I have worked as a youth minister, and in various capacities in congregational ministry. Others have mentioned that this is ministry, and you're called to it by God and by your sense of how you can serve God and God's people. That is true.

People in ministry are also called by the people in the congregations they serve. It would be helpful for you to ask your pastor or someone else you respect in your congregation to help you figure out whether your call is genuine.

You know, in the Blues Brothers movie, how Dan Akroyd's character was always saying "We're on a mission from God!" When you hear these words in your heart, or when you hear someone else say them, it's helpful to ask "how do you know?" That's what I mean by figuring out whether your call is genuine. Various churches have a service of installation for ministers and church staff. You may want to read through the promises you'll make, and the promises your congregation will make, if you take up this work. Can you make those promises without reservation?


Now you've got the job. What do you do next? Pray continually for one very important thing.

Your supervisor is probably an ordained minister. Keep your supervisor informed. Ask for advice whenever you need it. "What's up with Joey and Charlie? They always sit in the back goofing around. How can I engage them?"

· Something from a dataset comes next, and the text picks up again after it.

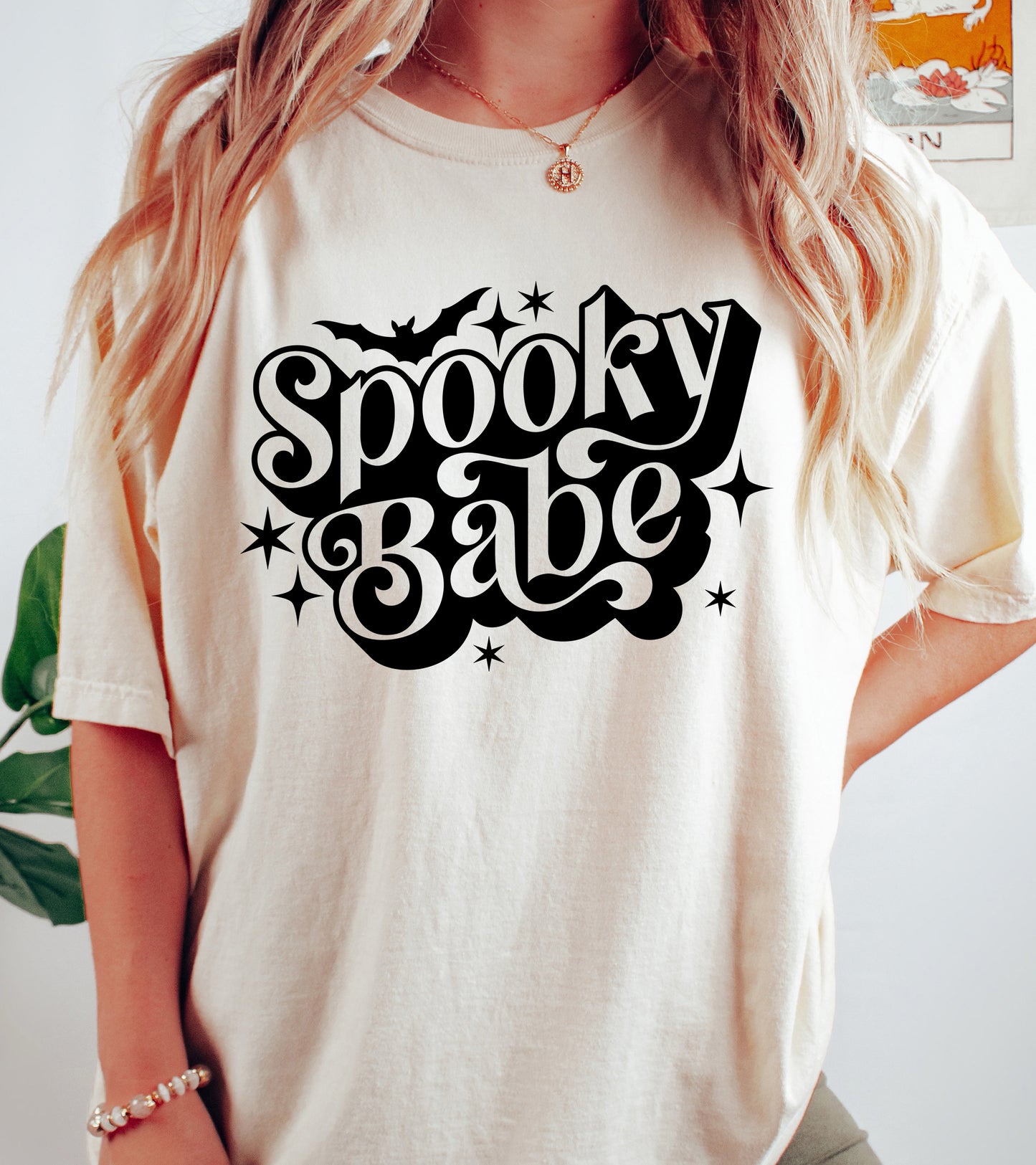Spooky Babe Vintage Style Halloween Shirt
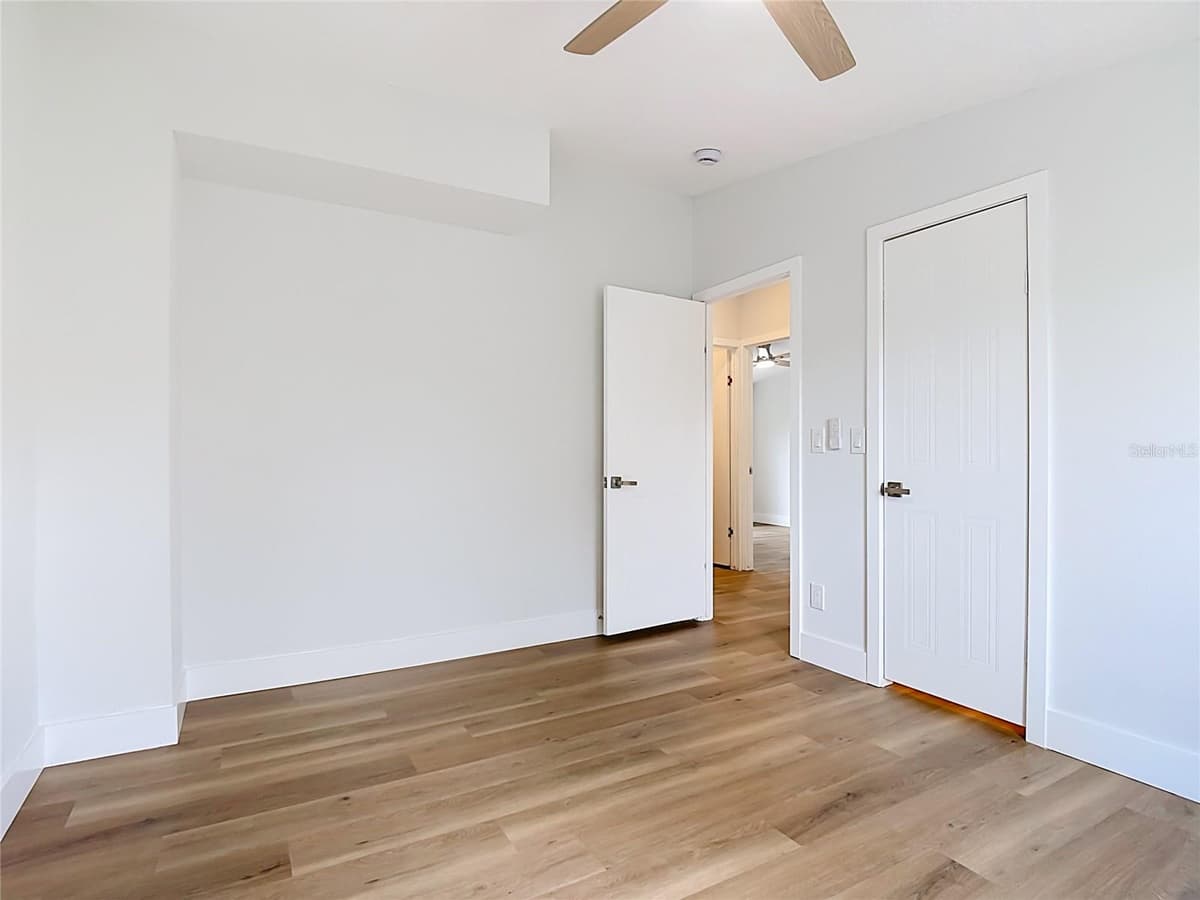 9200 MERCURY DRIVE — photo 19 of 48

This may be your first job, so you may need to learn to work. Make it a point to show up on time and pay attention. Keep in mind that not every ordained minister is a tremendously talented organizer or supervisor: you may get vague or conflicting instructions. Ask for clarification. Ask for priorities. You might even ask your supervisor, "please help me learn to work effectively."

Prepare. Always have a schedule for an event. If your event involves scripture or other textual content, study it ahead of time. Consider asking for help putting the words in context.

It's like herding butterflies. A big part of the job is organizing and communicating events. You'll need to talk to the young people in your congregation all the time, AND THEIR PARENTS AND FAMILIES. You need to tell them about the Bible study or laser-tag evening or whatever, and then remind them to show up on time. It's surprisingly hard -- and frustrating, honestly -- to get people to show up. You'll feel, a lot, like the flight attendant right before arrival. "We know you have lots of choices about how to spend Friday evening, and we thank you for spending it with us."

Get to know the parents and families, as well as the kids. If you have evening events, invite the parents to participate in the closing worship/prayer circle at pickup time.

Try to have at least one person-to-person conversation with each person in your ministry. Ask them "what's your story" and open-ended questions. Get to know their joys and burdens.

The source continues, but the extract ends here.